Amidst this increasingly pluralistic atmosphere, we see a rise in religiously-informed violence. In most cases, religious ideologies do not lead directly to violence, but they do hold within them the seeds for a radicalism that leads to violent outbursts when coupled with radical political ideologies. Radical religion and political extremism can make a dangerous combination. Add to the mix personal emotional instability and insecurity and we have a powder keg waiting to be lit.

It seems that the most successful match for lighting that powder keg is the encounter with a dominating, opposing ideology that is infiltrating its snug cultural context. Whenever a narrow, hard-line ideology feels powerless against the advances of an alternative ideology, adherents can easily feel threatened. Cosmic implications are read into the new environment, leading to actions that would normally be abhorred but are now justified by the greater calling. As the religiously pluralistic culture continues to expand, we can only expect a rise in religious violence in the world.

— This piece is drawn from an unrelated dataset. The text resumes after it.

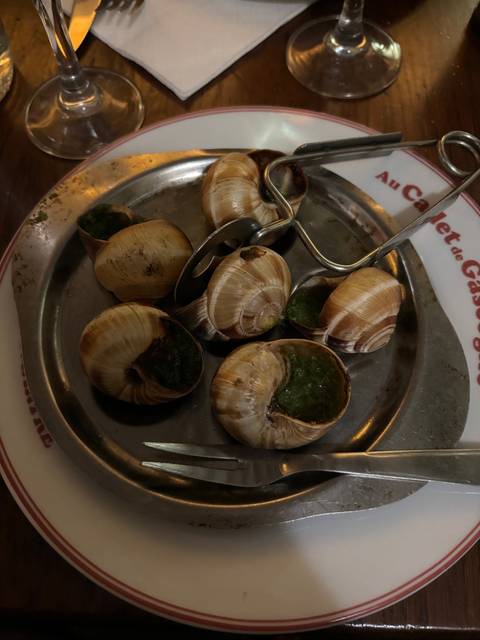 Escargots served on a plate with utensils.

It is time for religious adherents to take a stand for a particular form of religious interaction. Too often inter-faith monologue is the reality when religious representatives encounter each other. Each side presents its own perspective into the Truth as absolute. The purpose of listening serves the greater goal of conversion (connect, then convert). The assumption carried into the discussion is that “I am more right than you.” As long as we enter into conversations with that assumption, we are doomed to fall into a monologue; others are objectified as they become targets for the religious agenda, rather than being respected in their personhood.

A better posture for interfaith discussion is one of a humility, which says, “I hold to my truth because I have experienced it to be most true, but that doesn’t mean that your truth isn’t more true than mine.” This posture leads to an authentic dialogue. We enter the conversation with our judgment suspended. We are open to hearing what the other has to say to us. We are open to having our perspective changed for the better. Yet, we still are able to maintain that there is a reason that we hold to be true that which we hold to be true.

Keep in mind that there is nothing wrong with upholding one’s religious truth. Our truth (religious or otherwise) is our measure for what is right and wrong in the world, meaningful or meaningless. And there’s nothing wrong with using our religious truths as our filters for understanding others’ truths; this is just a fact of life for how human beings operate. The problem arises when we assume that we have personal access to the Truth in ways that no other does. At that point we have not only closed ourselves off to spiritual growth, but we have opened the door to the dismissive atmosphere that encourages, and indeed fuels, religious violence.

2 thoughts on “Religious Dialogue, Not Religious Monologue”

  1. Good post – and timely. In my opinion, I almost wish we could jettison the word "truth" because it carries so much weight and potential as a match to light these powder-kegs. I'd rather say that something works for me, or makes sense to me, or is meaningfull to me, or adds to my experience of life. At the same time, there is something deeper, something we might call truth. Most of the normative, enduring religions of the world say that this truth is embodied in compassion, in seeing, not dissimilarities between us, but commonalities, and, therefore, opportunities to act with emphathy towards the other. We find, in the other, ourselves. And we find, in the other, the divine or God.

    Of course, this has not always been so. Religious groups used to be characterized (and still can be) by the need to survive. When this happens, "truth" is used as a sword to defend and sometimes go on the offense towards anyone or anything that would threaten the group.

    Mature religious tells us that we don't bring God or the truth to others. Instead, we get to know the other as we discover God and the truth already there. It transcends monologue because, as you have rightly stately, monologue seeks to convert. Dialogue seeks to converse, to exchange, to entertwine – two (or more) becoming one. If we don't learn to do this, yes, we could destroy our civilization. Our technology exceeds our wisdom to use it. A group called "Charter for Compassion" is trying to address this very problem.